**Work item:**
From the entries that follow, copy each line containing the word "Dual".

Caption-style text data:
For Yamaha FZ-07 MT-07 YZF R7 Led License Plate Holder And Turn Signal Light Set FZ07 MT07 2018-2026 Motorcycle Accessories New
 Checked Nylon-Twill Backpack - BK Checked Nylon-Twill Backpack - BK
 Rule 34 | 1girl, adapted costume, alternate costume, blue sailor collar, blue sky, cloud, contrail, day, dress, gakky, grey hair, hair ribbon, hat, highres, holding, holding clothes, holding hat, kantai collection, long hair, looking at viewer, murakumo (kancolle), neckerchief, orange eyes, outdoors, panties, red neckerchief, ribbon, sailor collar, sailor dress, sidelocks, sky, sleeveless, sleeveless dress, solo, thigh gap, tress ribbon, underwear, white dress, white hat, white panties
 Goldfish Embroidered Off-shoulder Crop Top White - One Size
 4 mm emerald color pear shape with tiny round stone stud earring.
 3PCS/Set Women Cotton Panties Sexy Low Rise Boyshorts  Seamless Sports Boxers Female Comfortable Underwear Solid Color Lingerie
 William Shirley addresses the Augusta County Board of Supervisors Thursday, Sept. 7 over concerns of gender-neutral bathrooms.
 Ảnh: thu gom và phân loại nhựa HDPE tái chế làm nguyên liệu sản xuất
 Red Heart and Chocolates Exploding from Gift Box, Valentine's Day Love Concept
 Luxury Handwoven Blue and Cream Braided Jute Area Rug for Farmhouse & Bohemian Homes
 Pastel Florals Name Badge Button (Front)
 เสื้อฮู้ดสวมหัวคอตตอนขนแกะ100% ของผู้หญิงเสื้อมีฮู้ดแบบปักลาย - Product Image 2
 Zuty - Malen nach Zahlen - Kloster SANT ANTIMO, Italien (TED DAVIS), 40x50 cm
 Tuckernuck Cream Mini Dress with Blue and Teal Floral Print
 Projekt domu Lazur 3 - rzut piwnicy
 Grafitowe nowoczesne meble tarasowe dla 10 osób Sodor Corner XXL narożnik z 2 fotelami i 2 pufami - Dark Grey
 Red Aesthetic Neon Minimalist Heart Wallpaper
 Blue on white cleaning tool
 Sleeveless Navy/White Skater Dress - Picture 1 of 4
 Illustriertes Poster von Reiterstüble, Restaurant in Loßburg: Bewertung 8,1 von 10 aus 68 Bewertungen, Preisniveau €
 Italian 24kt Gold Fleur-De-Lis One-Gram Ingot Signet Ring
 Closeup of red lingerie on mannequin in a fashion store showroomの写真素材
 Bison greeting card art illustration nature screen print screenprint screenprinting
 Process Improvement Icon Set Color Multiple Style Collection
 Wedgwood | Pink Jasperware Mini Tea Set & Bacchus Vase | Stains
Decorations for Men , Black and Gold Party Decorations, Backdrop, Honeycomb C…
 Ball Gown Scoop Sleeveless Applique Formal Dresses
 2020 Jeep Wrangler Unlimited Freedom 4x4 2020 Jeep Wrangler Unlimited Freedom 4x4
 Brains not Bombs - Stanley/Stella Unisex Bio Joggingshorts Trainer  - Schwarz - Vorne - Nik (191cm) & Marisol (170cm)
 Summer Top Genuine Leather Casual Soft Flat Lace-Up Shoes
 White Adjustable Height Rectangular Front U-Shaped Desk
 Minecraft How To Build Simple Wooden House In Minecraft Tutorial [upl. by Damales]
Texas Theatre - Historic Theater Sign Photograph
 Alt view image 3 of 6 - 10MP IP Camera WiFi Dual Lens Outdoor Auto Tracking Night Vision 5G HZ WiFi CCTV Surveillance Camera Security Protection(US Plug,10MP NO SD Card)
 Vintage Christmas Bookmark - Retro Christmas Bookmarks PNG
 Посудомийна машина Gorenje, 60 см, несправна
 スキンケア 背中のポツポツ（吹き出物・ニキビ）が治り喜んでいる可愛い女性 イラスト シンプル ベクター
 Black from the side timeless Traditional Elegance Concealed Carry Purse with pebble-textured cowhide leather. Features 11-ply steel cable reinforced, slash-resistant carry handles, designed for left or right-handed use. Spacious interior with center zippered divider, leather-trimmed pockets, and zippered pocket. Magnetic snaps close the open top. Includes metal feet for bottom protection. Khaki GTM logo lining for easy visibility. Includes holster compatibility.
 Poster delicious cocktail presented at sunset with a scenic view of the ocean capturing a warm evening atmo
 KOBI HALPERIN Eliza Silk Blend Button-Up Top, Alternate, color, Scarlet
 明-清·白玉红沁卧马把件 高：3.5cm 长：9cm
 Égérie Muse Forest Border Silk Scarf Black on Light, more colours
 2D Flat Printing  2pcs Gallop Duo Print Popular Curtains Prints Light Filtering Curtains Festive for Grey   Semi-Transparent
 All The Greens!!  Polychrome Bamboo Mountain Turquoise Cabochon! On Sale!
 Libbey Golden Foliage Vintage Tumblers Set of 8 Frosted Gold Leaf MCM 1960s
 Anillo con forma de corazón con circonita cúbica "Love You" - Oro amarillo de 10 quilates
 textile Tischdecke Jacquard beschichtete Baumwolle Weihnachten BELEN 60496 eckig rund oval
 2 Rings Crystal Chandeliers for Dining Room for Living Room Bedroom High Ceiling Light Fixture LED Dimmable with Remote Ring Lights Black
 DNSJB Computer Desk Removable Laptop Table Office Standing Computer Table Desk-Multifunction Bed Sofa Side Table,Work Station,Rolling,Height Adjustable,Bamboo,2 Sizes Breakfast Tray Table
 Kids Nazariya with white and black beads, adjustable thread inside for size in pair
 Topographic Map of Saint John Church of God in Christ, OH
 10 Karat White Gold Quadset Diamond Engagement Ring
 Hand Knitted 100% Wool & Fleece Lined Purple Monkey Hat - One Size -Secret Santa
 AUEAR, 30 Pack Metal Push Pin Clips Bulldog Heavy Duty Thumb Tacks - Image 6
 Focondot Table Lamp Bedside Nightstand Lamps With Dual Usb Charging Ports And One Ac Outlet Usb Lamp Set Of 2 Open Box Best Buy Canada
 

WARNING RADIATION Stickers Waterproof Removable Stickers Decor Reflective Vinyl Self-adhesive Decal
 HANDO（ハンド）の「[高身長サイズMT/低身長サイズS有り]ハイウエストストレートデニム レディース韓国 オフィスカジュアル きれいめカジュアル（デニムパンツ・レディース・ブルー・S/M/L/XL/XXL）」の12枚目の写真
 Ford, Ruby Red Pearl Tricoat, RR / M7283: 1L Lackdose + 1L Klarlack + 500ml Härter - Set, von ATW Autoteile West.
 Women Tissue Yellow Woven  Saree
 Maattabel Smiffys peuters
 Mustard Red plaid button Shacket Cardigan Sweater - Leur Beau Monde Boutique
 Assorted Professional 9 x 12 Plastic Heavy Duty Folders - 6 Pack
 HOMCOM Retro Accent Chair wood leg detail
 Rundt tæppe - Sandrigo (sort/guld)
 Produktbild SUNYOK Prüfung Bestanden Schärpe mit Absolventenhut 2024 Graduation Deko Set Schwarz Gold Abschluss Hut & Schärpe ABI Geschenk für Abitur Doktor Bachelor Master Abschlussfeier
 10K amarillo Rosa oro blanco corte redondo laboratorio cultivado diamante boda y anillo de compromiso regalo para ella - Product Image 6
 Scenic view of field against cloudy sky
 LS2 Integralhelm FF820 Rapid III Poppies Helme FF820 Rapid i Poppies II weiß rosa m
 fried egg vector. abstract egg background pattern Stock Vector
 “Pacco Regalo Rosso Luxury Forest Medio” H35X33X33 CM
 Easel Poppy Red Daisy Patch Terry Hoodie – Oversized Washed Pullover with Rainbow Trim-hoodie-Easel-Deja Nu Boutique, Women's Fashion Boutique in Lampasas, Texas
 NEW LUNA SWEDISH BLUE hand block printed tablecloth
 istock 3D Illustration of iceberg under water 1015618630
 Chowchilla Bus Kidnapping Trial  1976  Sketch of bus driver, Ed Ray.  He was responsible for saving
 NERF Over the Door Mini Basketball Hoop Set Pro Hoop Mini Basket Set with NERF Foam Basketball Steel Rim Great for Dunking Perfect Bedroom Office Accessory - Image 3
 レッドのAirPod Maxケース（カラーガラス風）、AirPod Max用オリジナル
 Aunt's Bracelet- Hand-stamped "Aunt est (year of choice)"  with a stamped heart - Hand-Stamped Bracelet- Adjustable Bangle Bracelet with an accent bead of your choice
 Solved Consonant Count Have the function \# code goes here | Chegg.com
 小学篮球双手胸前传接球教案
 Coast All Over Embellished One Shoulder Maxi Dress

**Solution to this problem:**
 Alt view image 3 of 6 - 10MP IP Camera WiFi Dual Lens Outdoor Auto Tracking Night Vision 5G HZ WiFi CCTV Surveillance Camera Security Protection(US Plug,10MP NO SD Card)
 Focondot Table Lamp Bedside Nightstand Lamps With Dual Usb Charging Ports And One Ac Outlet Usb Lamp Set Of 2 Open Box Best Buy Canada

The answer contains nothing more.